In the data below, which lines hold "Covered"? Copy every one.

(Beginning of Data extracts)

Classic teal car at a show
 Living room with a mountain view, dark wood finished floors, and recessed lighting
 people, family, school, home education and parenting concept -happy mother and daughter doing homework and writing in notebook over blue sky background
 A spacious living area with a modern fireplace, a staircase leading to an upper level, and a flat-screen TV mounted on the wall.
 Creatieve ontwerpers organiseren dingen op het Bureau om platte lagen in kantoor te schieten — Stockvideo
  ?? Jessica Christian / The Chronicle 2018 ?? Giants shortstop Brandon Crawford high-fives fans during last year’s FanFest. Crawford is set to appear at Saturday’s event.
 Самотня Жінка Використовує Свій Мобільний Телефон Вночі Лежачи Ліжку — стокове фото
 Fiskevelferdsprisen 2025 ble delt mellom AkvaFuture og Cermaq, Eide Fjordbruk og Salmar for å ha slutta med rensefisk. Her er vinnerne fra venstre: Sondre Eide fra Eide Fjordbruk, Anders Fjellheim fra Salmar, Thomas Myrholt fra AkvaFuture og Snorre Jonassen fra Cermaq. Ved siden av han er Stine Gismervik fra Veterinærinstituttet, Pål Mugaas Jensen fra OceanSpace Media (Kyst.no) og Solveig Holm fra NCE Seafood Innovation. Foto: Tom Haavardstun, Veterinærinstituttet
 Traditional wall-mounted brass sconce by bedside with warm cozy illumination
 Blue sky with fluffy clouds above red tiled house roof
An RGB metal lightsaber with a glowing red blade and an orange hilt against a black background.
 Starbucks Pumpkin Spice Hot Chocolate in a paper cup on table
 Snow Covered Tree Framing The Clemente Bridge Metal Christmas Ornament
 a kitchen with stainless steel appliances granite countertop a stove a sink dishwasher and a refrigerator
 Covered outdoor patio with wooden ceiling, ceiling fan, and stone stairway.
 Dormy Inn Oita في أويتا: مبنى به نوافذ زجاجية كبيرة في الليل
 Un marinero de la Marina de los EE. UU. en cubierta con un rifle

(End of Data extracts)

- Reply -
 Snow Covered Tree Framing The Clemente Bridge Metal Christmas Ornament
 Covered outdoor patio with wooden ceiling, ceiling fan, and stone stairway.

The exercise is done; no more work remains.